WHAT NEEDS TO BE DONE: Your task is to transcribe the records exactly, skipping every image.

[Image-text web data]
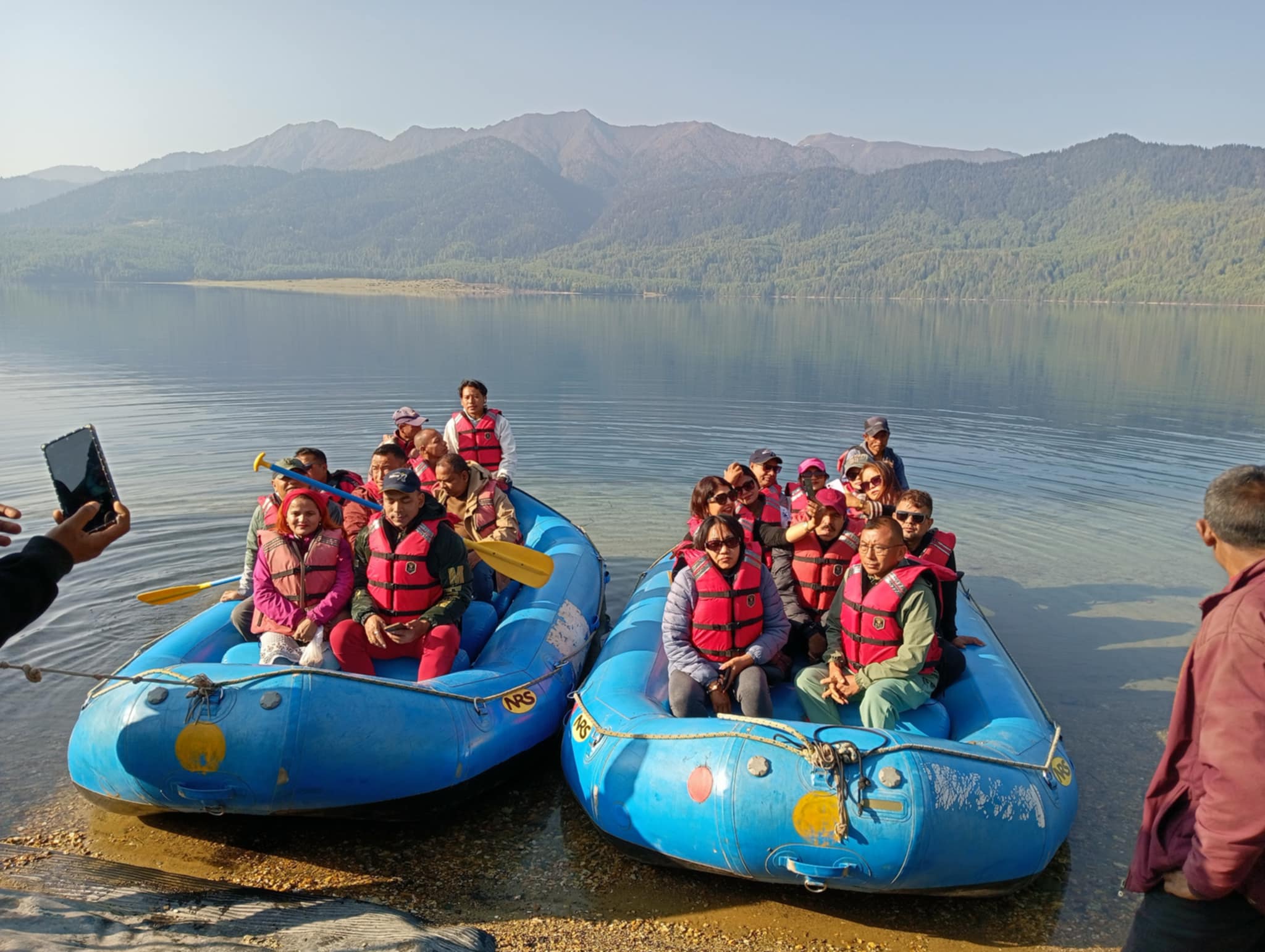 रारामा  डुङ्गा चढेर रमाउदै पर्यटक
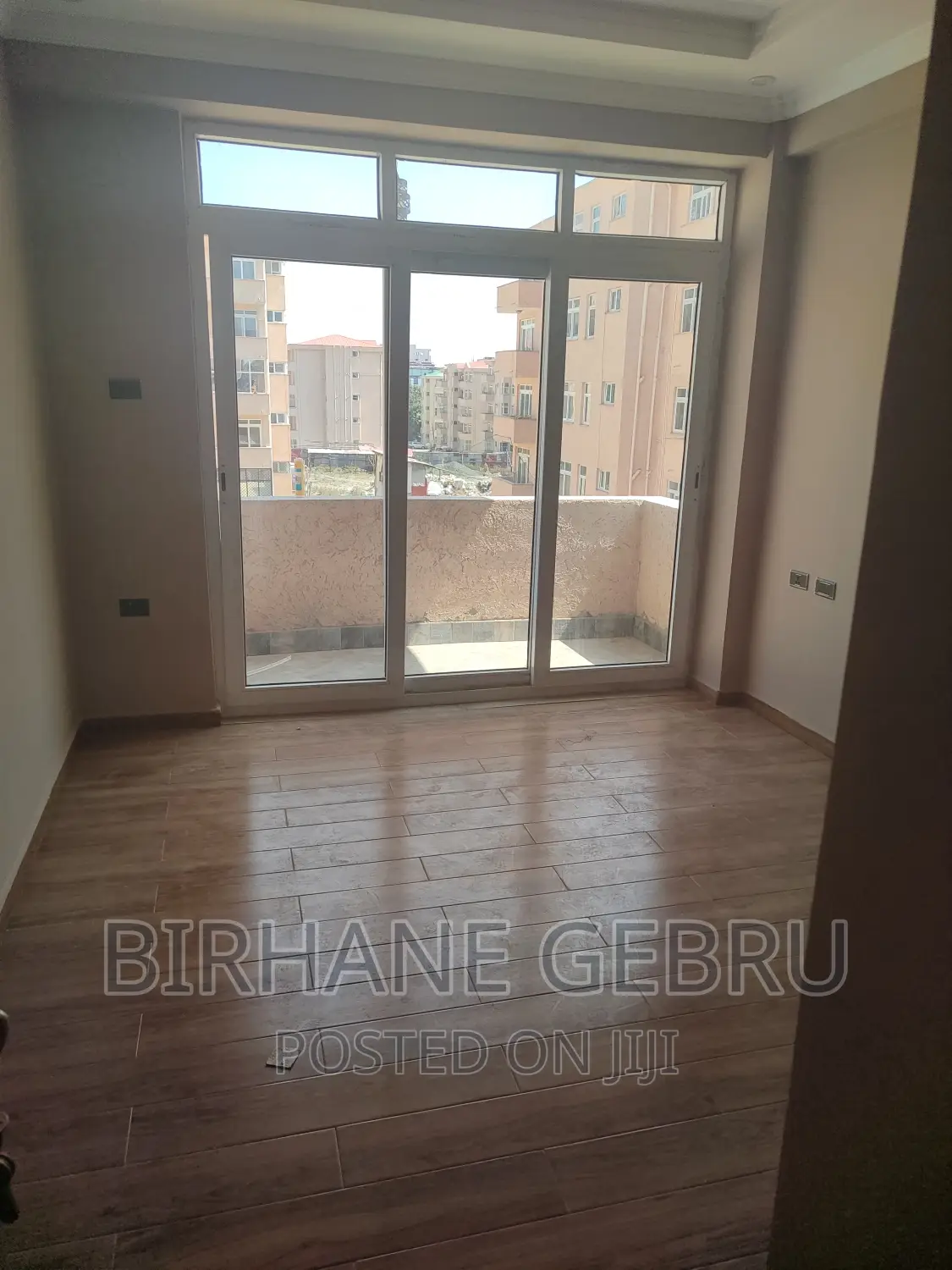 3bdrm Apartment in Realstate, Bole for rent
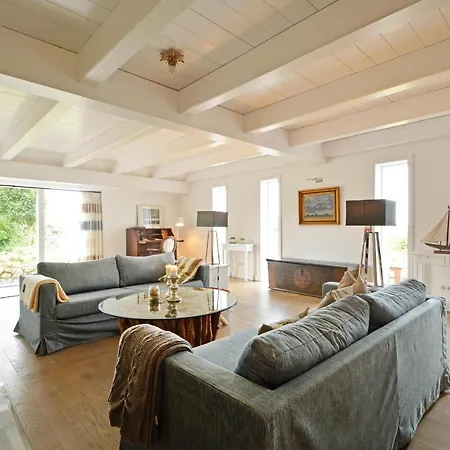 Reethus Doerpsend Haus 1 Midlum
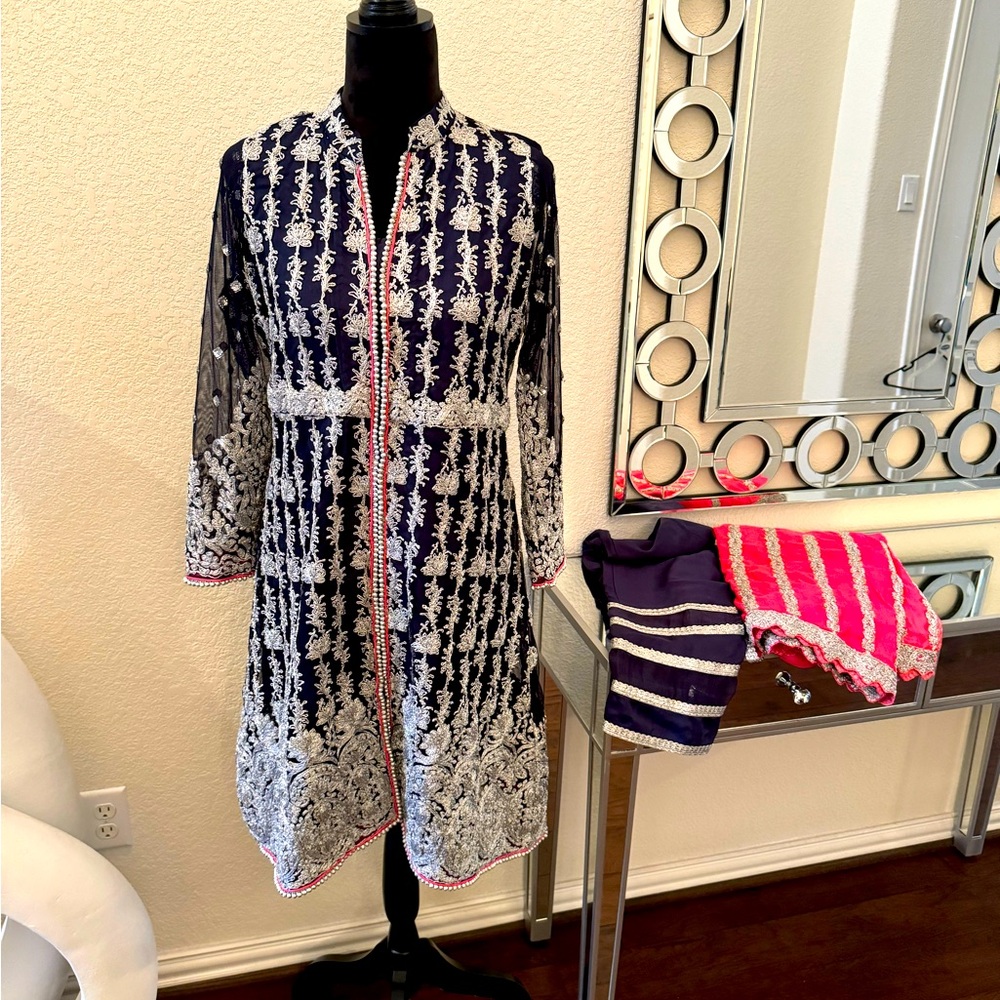 Beautiful Pakistani/Indian formal 3 piece dress. Size S/M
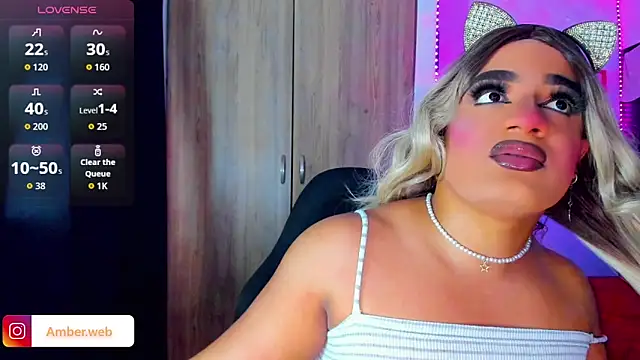 Sofiabigcock22 online show from 03-03-26, 06:14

ANSWER:
 रारामा  डुङ्गा चढेर रमाउदै पर्यटक
 3bdrm Apartment in Realstate, Bole for rent
 Reethus Doerpsend Haus 1 Midlum
 Beautiful Pakistani/Indian formal 3 piece dress. Size S/M
 Sofiabigcock22 online show from 03-03-26, 06:14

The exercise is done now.